Both the resident and the landlord have submitted information to the Ombudsman and this has been carefully considered. Their accounts of what has happened are summarised below. This report is not an exhaustive description of all the events that have occurred in relation to this case, but an outline of the key issues as a background to the investigation’s findings.
The complaint
- The complaint is about the landlord’s handling of:
- the resident’s reports of a lift breakdown.
- the resident’s request for emergency lift breakdown procedures if the lift were to break down again.

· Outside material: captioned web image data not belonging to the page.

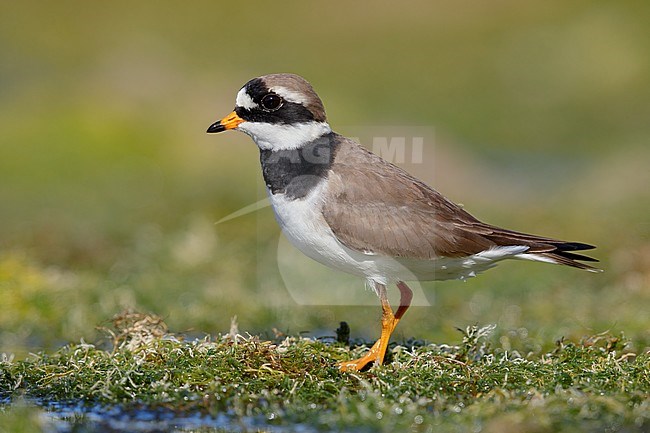 Ringed Plover (Charadrius hiaticula), side view of an adult male standing on the ground, Campania, Italy stock-image by Agami/Saverio Gatto,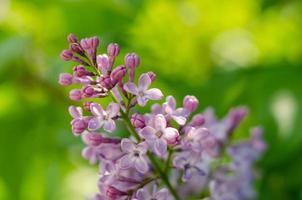 lindas flores de lilás roxo desabrochando ao sol foto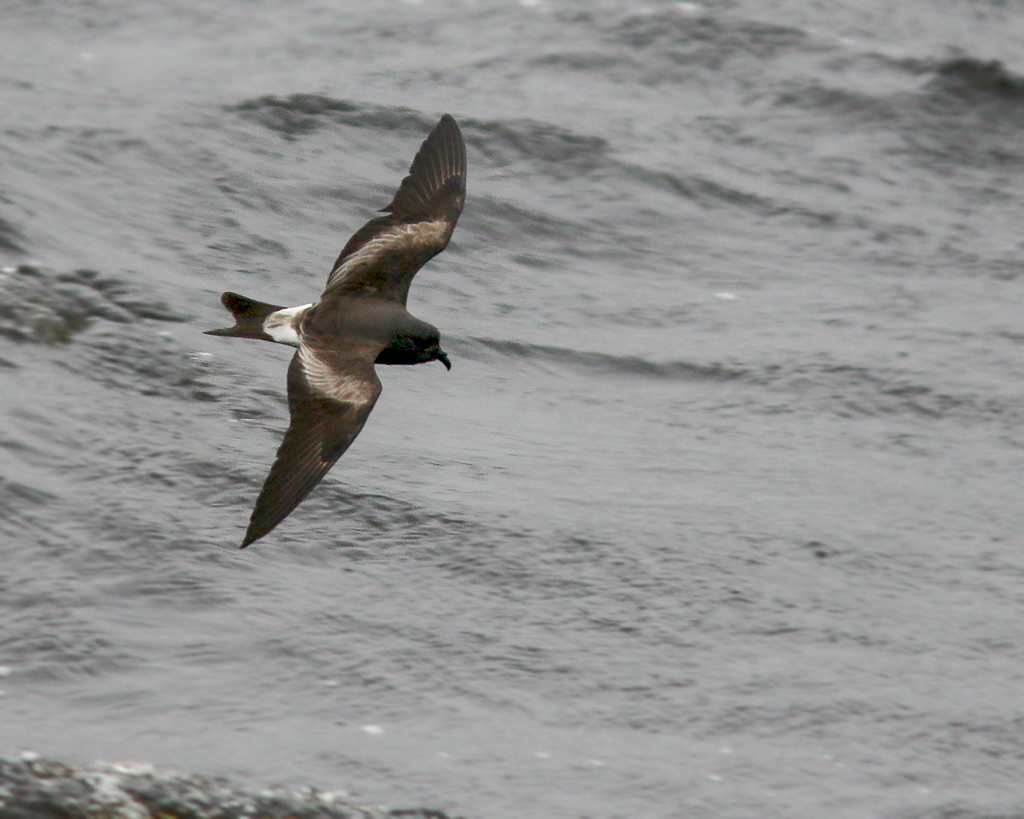 Leach's Storm Petrel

- the associated complaint.
Background
- The resident is a secure tenant. She has a joint tenancy agreement dated December 2023. She has lived in the property since August 2016. She lives with her partner in a two-bed high rise flat. The block has one lift. The flat is on the fifth floor. The landlord is a local authority. She has chronic health issues, and the landlord is aware she is physically vulnerable.
- The resident reported that the lift was not working on Friday 17 February 2023. She said she was concerned because she and her neighbours were elderly. She asked for a call back. The landlord’s contractor arrived at the property the same morning and inspected the lift. The contractor was unable to repair the lift until an essential part arrived.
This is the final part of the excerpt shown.